Morano, the executive editor of ClimateDepot.com, noted that UN Secretary-General Ban Ki-moon had said “science and religion are not at odds on climate change” after meeting with Pope Francis.
“If science and religion are united, what are they united on?” Morano said. “Well, actually, the new climate commissioners gave us a clue. It’s not about science. Even if the science is wrong, the policy is right.”
Morano argued that people who talked about climate change were not really worried about the environment — they only used the issue to push for socialist policies. He said climate science was like astrology, because “no matter what climate event happens, it is always exactly what the models predicted.”

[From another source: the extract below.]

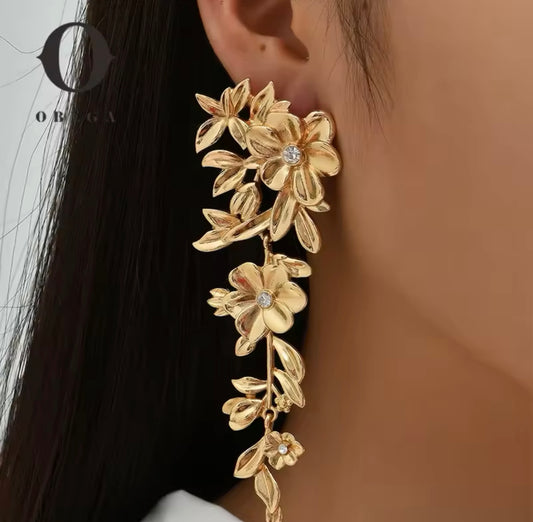 Flower Earrings - Gold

He compared Pope Francis’ acknowledgement of climate change to the medieval Pope Innocent VIII, who remarked “it is reasonable to conclude that, just as easily as witches raise hailstorms, so they cause lightning and storms at sea; and so no doubt at all remains on these points.”
“There was 99 percent consensus in the middle ages that witches caused bad weather and now we are told there is a 99 percent consensus that every storm and every bad weather is [linked to climate change].”
Morano concluded by calling on Pope Francis “to listen to science, listen to logic, don’t let science and religion become united.”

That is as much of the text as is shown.